For numerical data, the hist() method of DataFrame objects can be used to plot histograms directly, visualizing the frequency distribution of a numerical dataset. It is particularly useful for understanding the distribution of numerical values.

Here’s an example:

import pandas as pd
import matplotlib.pyplot as plt

# Create a sample DataFrame with numerical data
df = pd.DataFrame({'data_values': [1, 2, 2, 3, 3, 3, 4, 4, 4, 4]})

# Plot histogram of the 'data_values' directly
df['data_values'].hist(bins=[1,2,3,4,5], edgecolor='black')
plt.xlabel('Value')
plt.ylabel('Frequency')
plt.title('Frequency Distribution of Data Values')
plt.show()

The histogram shows the frequency distribution of the data in the ‘data_values’ column with custom bin edges. The hist() method is a quick way to get a visual summary of numerical data.

Bonus One-Liner Method 5: Using seaborn.countplot()

For a quick and stylish frequency plot, the countplot() function from the Seaborn library, which operates on categorical data, is very handy. It automatically counts the frequency of categories and displays them in a bar plot.

Here’s an example:

import seaborn as sns
import matplotlib.pyplot as plt

# Create a sample DataFrame
df = pd.DataFrame({'favorite_fruit': ['apple', 'banana', 'orange', 'apple', 'banana', 'apple']})

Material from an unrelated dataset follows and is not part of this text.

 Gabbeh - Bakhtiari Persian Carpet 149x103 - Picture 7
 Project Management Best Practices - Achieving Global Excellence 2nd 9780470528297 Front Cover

# Plot using Seaborn countplot
sns.countplot(x='favorite_fruit', data=df)
plt.xlabel('Fruits')
plt.ylabel('Frequency')
plt.title('Fruit Counts with Seaborn')
plt.show()

Although not a Matplotlib method, Seaborn’s countplot() provides an instant frequency plot with a polished look that’s often desired for presentations or reports.

Summary/Discussion

  • Method 1: Using value_counts() and plot(). Strengths: Straightforward, built into pandas. Weaknesses: Basic, doesn’t support complex groupings.
  • Method 2: Using groupby() and size(). Strengths: Flexible, customizable. Weaknesses: May require more steps for simple frequency counts.
  • Method 3: Using crosstab(). Strengths: Comparing multiple categories. Weaknesses: Requires understanding of cross-tabulation concept.
  • Method 4: Using hist() Method of DataFrame. Strengths: Ideal for numerical data; straightforward for histograms. Weaknesses: Not suitable for categorical data without preprocessing.
  • Method 5: Using seaborn.countplot(). Strengths: Easy to use, stylish output. Weaknesses: Not part of Matplotlib; requires Seaborn installation. Also, less customizable compared to Matplotlib’s methods.